YOUR OBJECTIVE: Transcribe the data that follows precisely, omitting nothing.

THE DATA:
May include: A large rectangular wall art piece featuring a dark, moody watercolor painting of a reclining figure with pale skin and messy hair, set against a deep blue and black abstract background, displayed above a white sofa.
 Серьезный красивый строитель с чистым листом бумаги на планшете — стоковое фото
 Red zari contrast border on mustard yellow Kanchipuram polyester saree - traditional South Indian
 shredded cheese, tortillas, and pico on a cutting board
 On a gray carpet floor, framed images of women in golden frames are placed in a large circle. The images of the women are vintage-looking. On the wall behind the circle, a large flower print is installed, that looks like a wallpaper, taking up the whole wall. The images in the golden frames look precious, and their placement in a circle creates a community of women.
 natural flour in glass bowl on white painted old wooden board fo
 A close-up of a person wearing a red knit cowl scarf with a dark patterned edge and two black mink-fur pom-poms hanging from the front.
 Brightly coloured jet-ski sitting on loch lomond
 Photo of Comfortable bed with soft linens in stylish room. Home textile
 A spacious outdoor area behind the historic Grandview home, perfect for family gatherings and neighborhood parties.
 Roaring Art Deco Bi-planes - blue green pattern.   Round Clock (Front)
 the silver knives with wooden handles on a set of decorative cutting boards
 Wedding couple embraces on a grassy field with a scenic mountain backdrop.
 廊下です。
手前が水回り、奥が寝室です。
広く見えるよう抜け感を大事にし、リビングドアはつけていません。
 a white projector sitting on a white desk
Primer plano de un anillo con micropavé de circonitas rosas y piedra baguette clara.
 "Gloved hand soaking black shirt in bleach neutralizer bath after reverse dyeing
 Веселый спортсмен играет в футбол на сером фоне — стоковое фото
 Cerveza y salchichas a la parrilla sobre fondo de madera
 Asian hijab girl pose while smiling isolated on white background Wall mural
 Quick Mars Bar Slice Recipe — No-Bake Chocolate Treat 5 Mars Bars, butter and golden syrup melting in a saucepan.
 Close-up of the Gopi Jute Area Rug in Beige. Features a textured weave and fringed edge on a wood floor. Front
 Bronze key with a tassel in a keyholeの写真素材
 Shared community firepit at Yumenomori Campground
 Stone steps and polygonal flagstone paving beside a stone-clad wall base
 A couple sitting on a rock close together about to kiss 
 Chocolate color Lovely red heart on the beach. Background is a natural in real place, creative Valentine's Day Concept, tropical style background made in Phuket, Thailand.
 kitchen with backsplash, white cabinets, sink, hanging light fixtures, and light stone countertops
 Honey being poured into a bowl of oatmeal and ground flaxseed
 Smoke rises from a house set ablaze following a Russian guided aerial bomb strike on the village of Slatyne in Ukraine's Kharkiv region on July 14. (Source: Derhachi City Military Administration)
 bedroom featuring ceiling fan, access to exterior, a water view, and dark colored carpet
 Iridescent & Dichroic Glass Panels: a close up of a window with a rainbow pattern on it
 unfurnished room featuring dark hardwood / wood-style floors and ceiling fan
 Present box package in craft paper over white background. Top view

RESULT OF THE EXERCISE:
May include: A large rectangular wall art piece featuring a dark, moody watercolor painting of a reclining figure with pale skin and messy hair, set against a deep blue and black abstract background, displayed above a white sofa.
 Серьезный красивый строитель с чистым листом бумаги на планшете — стоковое фото
 Red zari contrast border on mustard yellow Kanchipuram polyester saree - traditional South Indian
 shredded cheese, tortillas, and pico on a cutting board
 On a gray carpet floor, framed images of women in golden frames are placed in a large circle. The images of the women are vintage-looking. On the wall behind the circle, a large flower print is installed, that looks like a wallpaper, taking up the whole wall. The images in the golden frames look precious, and their placement in a circle creates a community of women.
 natural flour in glass bowl on white painted old wooden board fo
 A close-up of a person wearing a red knit cowl scarf with a dark patterned edge and two black mink-fur pom-poms hanging from the front.
 Brightly coloured jet-ski sitting on loch lomond
 Photo of Comfortable bed with soft linens in stylish room. Home textile
 A spacious outdoor area behind the historic Grandview home, perfect for family gatherings and neighborhood parties.
 Roaring Art Deco Bi-planes - blue green pattern.   Round Clock (Front)
 the silver knives with wooden handles on a set of decorative cutting boards
 Wedding couple embraces on a grassy field with a scenic mountain backdrop.
 廊下です。
手前が水回り、奥が寝室です。
広く見えるよう抜け感を大事にし、リビングドアはつけていません。
 a white projector sitting on a white desk
Primer plano de un anillo con micropavé de circonitas rosas y piedra baguette clara.
 "Gloved hand soaking black shirt in bleach neutralizer bath after reverse dyeing
 Веселый спортсмен играет в футбол на сером фоне — стоковое фото
 Cerveza y salchichas a la parrilla sobre fondo de madera
 Asian hijab girl pose while smiling isolated on white background Wall mural
 Quick Mars Bar Slice Recipe — No-Bake Chocolate Treat 5 Mars Bars, butter and golden syrup melting in a saucepan.
 Close-up of the Gopi Jute Area Rug in Beige. Features a textured weave and fringed edge on a wood floor. Front
 Bronze key with a tassel in a keyholeの写真素材
 Shared community firepit at Yumenomori Campground
 Stone steps and polygonal flagstone paving beside a stone-clad wall base
 A couple sitting on a rock close together about to kiss 
 Chocolate color Lovely red heart on the beach. Background is a natural in real place, creative Valentine's Day Concept, tropical style background made in Phuket, Thailand.
 kitchen with backsplash, white cabinets, sink, hanging light fixtures, and light stone countertops
 Honey being poured into a bowl of oatmeal and ground flaxseed
 Smoke rises from a house set ablaze following a Russian guided aerial bomb strike on the village of Slatyne in Ukraine's Kharkiv region on July 14. (Source: Derhachi City Military Administration)
 bedroom featuring ceiling fan, access to exterior, a water view, and dark colored carpet
 Iridescent & Dichroic Glass Panels: a close up of a window with a rainbow pattern on it
 unfurnished room featuring dark hardwood / wood-style floors and ceiling fan
 Present box package in craft paper over white background. Top view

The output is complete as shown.